## Problem to work on
Skip the pictures, and retype the data below in full, exactly.

## Exercise material

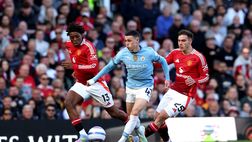 Storie di capitani! I più incisivi nel derby di Manchester tra City e United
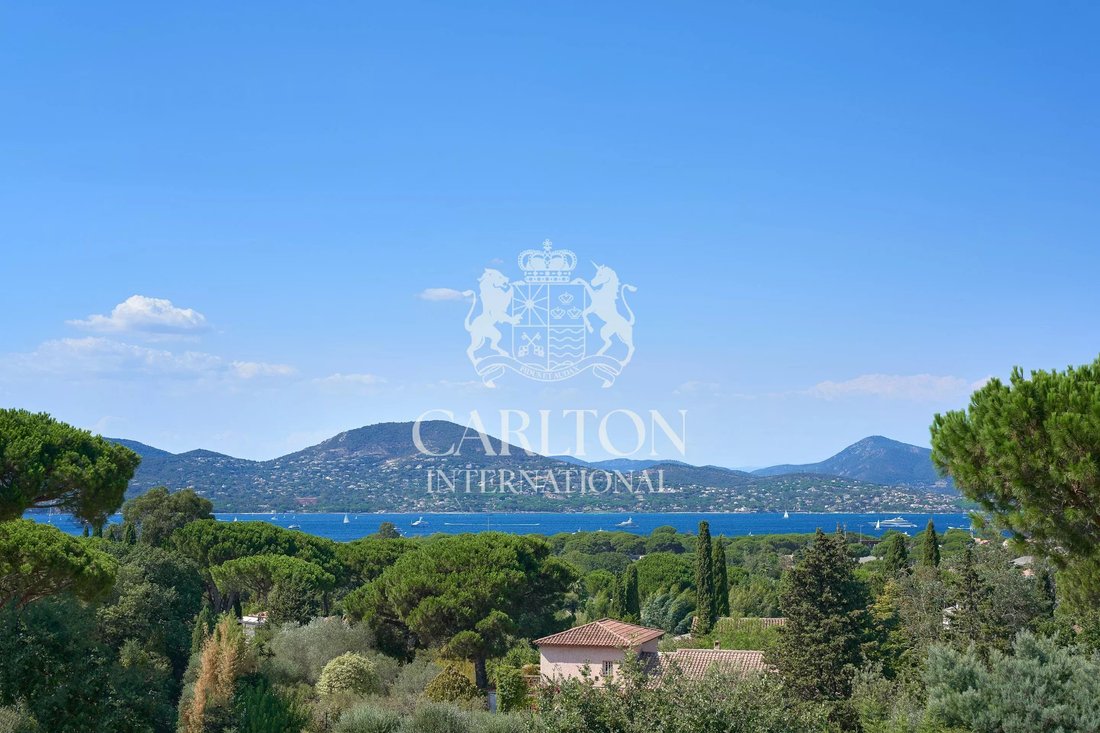 Villa in Gassin, Provence-Alpes-Côte d'Azur, France 2 - 17348778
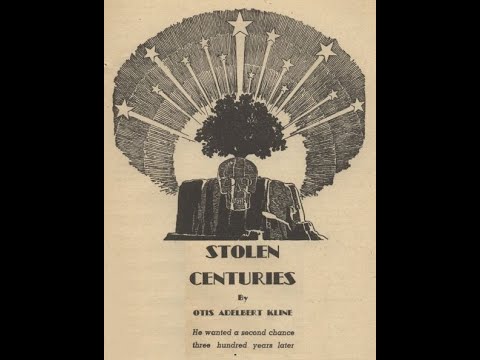 قرون مسروقة بقلم أوتيس أدلبرت كلاين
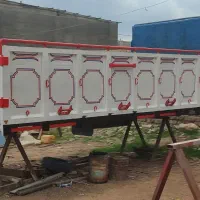 اتاق چوبی فلزی ایسوزو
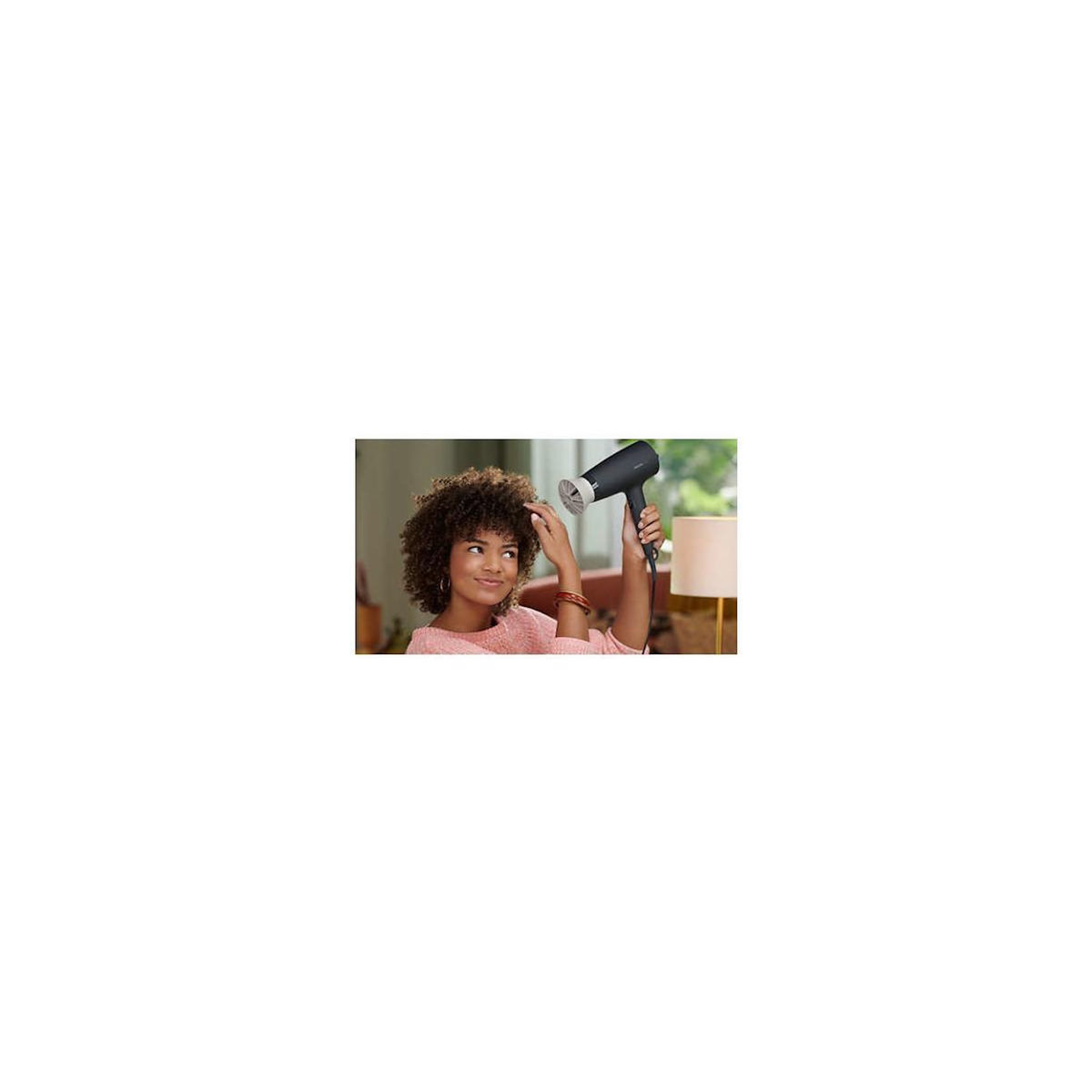 Philips Philips BHD302/00 sèche-cheveux 1600 W Noir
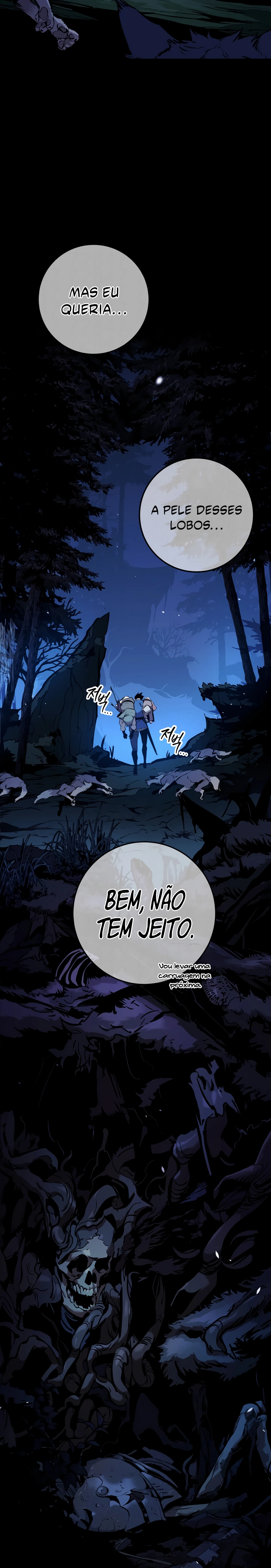 O Manual de Sobrevivência do Cavaleiro Errante Capitulo 2 Pagina 35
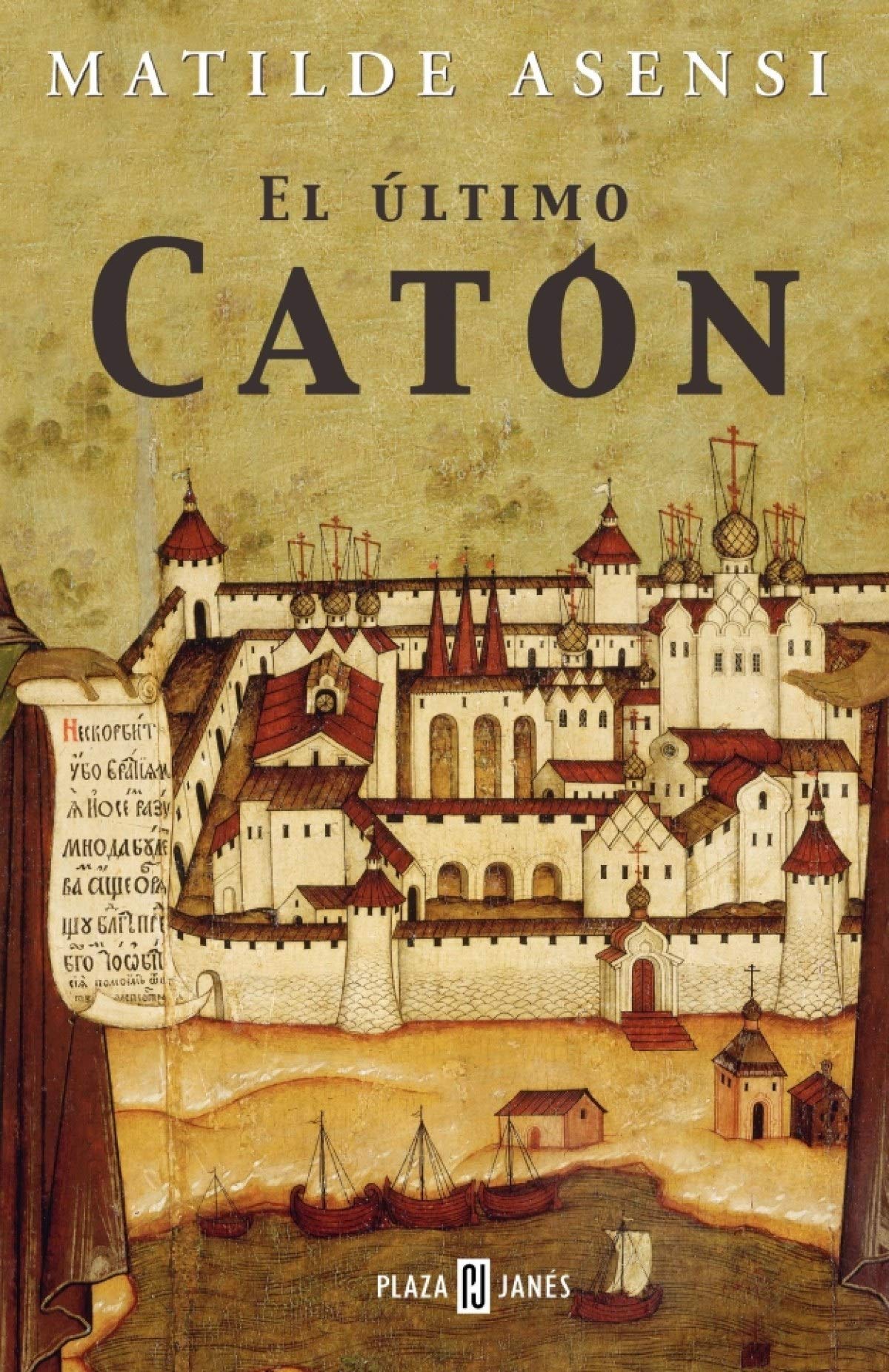 ULTIMO CATON,EL-PLAZA Y JANES (SIN COLECCION)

## Task response
 Storie di capitani! I più incisivi nel derby di Manchester tra City e United
 Villa in Gassin, Provence-Alpes-Côte d'Azur, France 2 - 17348778
 قرون مسروقة بقلم أوتيس أدلبرت كلاين
 اتاق چوبی فلزی ایسوزو
 Philips Philips BHD302/00 sèche-cheveux 1600 W Noir
 O Manual de Sobrevivência do Cavaleiro Errante Capitulo 2 Pagina 35
 ULTIMO CATON,EL-PLAZA Y JANES (SIN COLECCION)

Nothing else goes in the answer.